Sono molti i momenti di grande commozione e intimità, ad esempio nelle scene tra Felice e sua madre (Aurora Quattrocchi) anziana e scoraggiata dalla vita. Oppure quelli di estrema tensione, come il confronto tra Felice e Oreste, vicini eppure ormai così distanti. In un ritmo dinamico, si accordano profonde scene dialogiche a silenzi riflessivi e piani ravvicinati ad ampie visuali.
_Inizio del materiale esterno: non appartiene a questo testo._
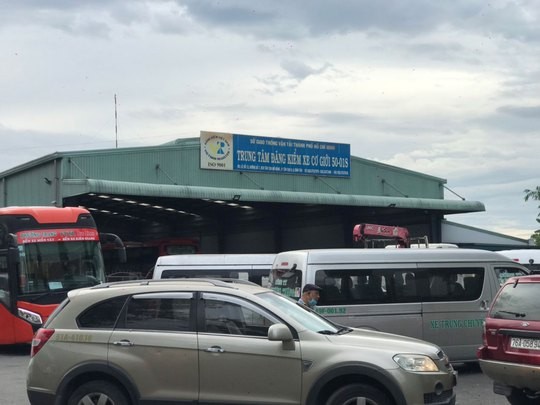Tình trạng quá tải tại các trung tâm đăng kiểm đang diễn ra nghiêm trọng ở TP HCM và Hà Nội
La partecipazione emotiva e visiva del pubblico la fa da padrona.
Un film struggente, delicato e onesto allo stesso tempo, dall’ottima colonna sonora e una riflessione finale lasciata in mano allo spettatore. Martone parla di scelte, di coscienza che, in un modo o nell’altro, torna a galla. Nostalgia di tutto ciò che è stato e di come sarebbe stato se. Nostalgia e volontà di riappropriarsi di quella parte più autentica di sé.